Output each entry exactly; skip nothing.

◇ ◇ ◇ ◇

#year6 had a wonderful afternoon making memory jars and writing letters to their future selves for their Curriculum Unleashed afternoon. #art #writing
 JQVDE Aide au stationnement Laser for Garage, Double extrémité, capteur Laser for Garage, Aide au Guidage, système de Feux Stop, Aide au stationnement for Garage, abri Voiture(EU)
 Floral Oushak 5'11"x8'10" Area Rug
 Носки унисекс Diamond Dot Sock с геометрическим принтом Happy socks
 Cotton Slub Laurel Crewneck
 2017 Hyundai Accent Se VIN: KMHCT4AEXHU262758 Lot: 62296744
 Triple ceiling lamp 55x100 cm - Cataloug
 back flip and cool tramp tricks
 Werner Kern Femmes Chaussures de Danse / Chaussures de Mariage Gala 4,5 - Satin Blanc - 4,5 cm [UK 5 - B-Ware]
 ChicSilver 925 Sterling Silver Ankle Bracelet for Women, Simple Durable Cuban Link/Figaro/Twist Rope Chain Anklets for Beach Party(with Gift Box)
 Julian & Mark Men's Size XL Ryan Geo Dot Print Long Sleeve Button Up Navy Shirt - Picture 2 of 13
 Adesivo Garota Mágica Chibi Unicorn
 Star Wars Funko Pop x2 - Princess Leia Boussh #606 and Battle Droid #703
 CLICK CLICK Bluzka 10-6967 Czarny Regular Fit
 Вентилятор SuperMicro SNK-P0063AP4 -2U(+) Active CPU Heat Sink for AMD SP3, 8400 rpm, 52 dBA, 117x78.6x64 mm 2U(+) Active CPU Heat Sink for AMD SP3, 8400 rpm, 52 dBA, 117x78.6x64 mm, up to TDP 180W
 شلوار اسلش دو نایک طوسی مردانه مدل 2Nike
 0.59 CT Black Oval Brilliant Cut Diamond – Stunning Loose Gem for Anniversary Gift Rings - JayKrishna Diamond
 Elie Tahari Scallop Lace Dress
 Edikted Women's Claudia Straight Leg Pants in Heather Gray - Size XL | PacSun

◇ ◇ ◇ ◇

Exercise result:
#year6 had a wonderful afternoon making memory jars and writing letters to their future selves for their Curriculum Unleashed afternoon. #art #writing
 JQVDE Aide au stationnement Laser for Garage, Double extrémité, capteur Laser for Garage, Aide au Guidage, système de Feux Stop, Aide au stationnement for Garage, abri Voiture(EU)
 Floral Oushak 5'11"x8'10" Area Rug
 Носки унисекс Diamond Dot Sock с геометрическим принтом Happy socks
 Cotton Slub Laurel Crewneck
 2017 Hyundai Accent Se VIN: KMHCT4AEXHU262758 Lot: 62296744
 Triple ceiling lamp 55x100 cm - Cataloug
 back flip and cool tramp tricks
 Werner Kern Femmes Chaussures de Danse / Chaussures de Mariage Gala 4,5 - Satin Blanc - 4,5 cm [UK 5 - B-Ware]
 ChicSilver 925 Sterling Silver Ankle Bracelet for Women, Simple Durable Cuban Link/Figaro/Twist Rope Chain Anklets for Beach Party(with Gift Box)
 Julian & Mark Men's Size XL Ryan Geo Dot Print Long Sleeve Button Up Navy Shirt - Picture 2 of 13
 Adesivo Garota Mágica Chibi Unicorn
 Star Wars Funko Pop x2 - Princess Leia Boussh #606 and Battle Droid #703
 CLICK CLICK Bluzka 10-6967 Czarny Regular Fit
 Вентилятор SuperMicro SNK-P0063AP4 -2U(+) Active CPU Heat Sink for AMD SP3, 8400 rpm, 52 dBA, 117x78.6x64 mm 2U(+) Active CPU Heat Sink for AMD SP3, 8400 rpm, 52 dBA, 117x78.6x64 mm, up to TDP 180W
 شلوار اسلش دو نایک طوسی مردانه مدل 2Nike
 0.59 CT Black Oval Brilliant Cut Diamond – Stunning Loose Gem for Anniversary Gift Rings - JayKrishna Diamond
 Elie Tahari Scallop Lace Dress
 Edikted Women's Claudia Straight Leg Pants in Heather Gray - Size XL | PacSun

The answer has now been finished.